# SageMaker Hyperscaler Training for Legal Reasoning Model (Part 3)

This notebook demonstrates how to train the Legal Reasoning Model using SageMaker Hyperscaler on ml.g5.8xlarge instances for optimal price-performance.

## Part 3: Training Job Configuration and Execution

### Setup

First, let's import the necessary libraries and load the configuration.

In [None]:
import os
import json
import yaml
import boto3
import sagemaker
from sagemaker.huggingface import HuggingFace
import datetime

# Load configuration
config_path = "../configs/hyperscaler_config.yaml"

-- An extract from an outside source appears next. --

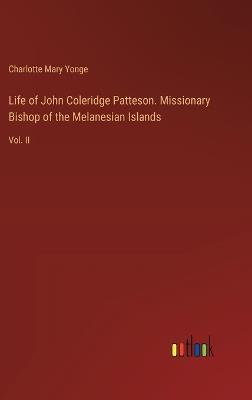 Life of John Coleridge Patteson. Missionary Bishop of the Melanesian Islands: Vol. II - Charlotte Mary Yonge - cover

with open(config_path, 'r') as f:
    config = yaml.safe_load(f)

# Set AWS region
region = 'us-east-1'  # Change to your preferred region

# Create SageMaker session
boto_session = boto3.Session(region_name=region)
sagemaker_session = sagemaker.Session(boto_session=boto_session)
role = sagemaker.get_execution_role()
bucket = sagemaker_session.default_bucket()
prefix = 'legal-reasoning-model'

### Create SageMaker Estimator

Create a SageMaker HuggingFace estimator with Hyperscaler configuration.

In [None]:
# Load distribution and hyperparameters from previous notebook
# In a real notebook, you would define these here or load from a file

# For brevity, we'll assume distribution and hyperparameters are defined
# Please run Part 2 notebook first to define these variables

# Set up training job name
timestamp = datetime.datetime.now().strftime("%Y-%m-%d-%H-%M-%S")
job_name = f"legal-reasoning-{config['model']['language']}-{timestamp}"

# Set up instance configuration
instance_type = config['aws']['instance_type']
instance_count = config['aws']['instance_count']
use_spot = config['aws']['use_spot']
max_wait = config['aws']['max_wait'] if use_spot else None
max_run = config['aws']['max_run']

# Set up output path
output_path = f"s3://{bucket}/{prefix}/model"
checkpoint_s3_uri = f"s3://{bucket}/{prefix}/checkpoints" if use_spot else None

print(f"Job Name: {job_name}")
print(f"Instance Type: {instance_type}")
print(f"Using Spot Instances: {use_spot}")
print(f"Output Path: {output_path}")

In [None]:
# Create HuggingFace estimator
huggingface_estimator = HuggingFace(
    entry_point="train_hyperscaler.py",  # Custom training script with model parallelism
    source_dir="../src/training",         # Directory containing the training code
    instance_type=instance_type,
    instance_count=instance_count,
    role=role,
    transformers_version="4.28.1",
    pytorch_version="2.0.0",
    py_version="py310",
    hyperparameters=hyperparameters,
    distribution=distribution,
    use_spot_instances=use_spot,
    max_wait=max_wait,
    max_run=max_run,
    checkpoint_s3_uri=checkpoint_s3_uri,
    output_path=output_path,
    base_job_name=job_name,
    sagemaker_session=sagemaker_session
)

### Start Training Job

Define data channels and start the training job.

In [None]:
# Define data channels
data_channels = {
    "train": f"s3://{bucket}/{prefix}/data/train",
    "validation": f"s3://{bucket}/{prefix}/data/validation"
}

print("Data Channels:")
print(json.dumps(data_channels, indent=2))

In [None]:
# Start training job
# Note: This will actually start the training job on SageMaker
# Uncomment the following line to run the training job

# huggingface_estimator.fit(inputs=data_channels, job_name=job_name)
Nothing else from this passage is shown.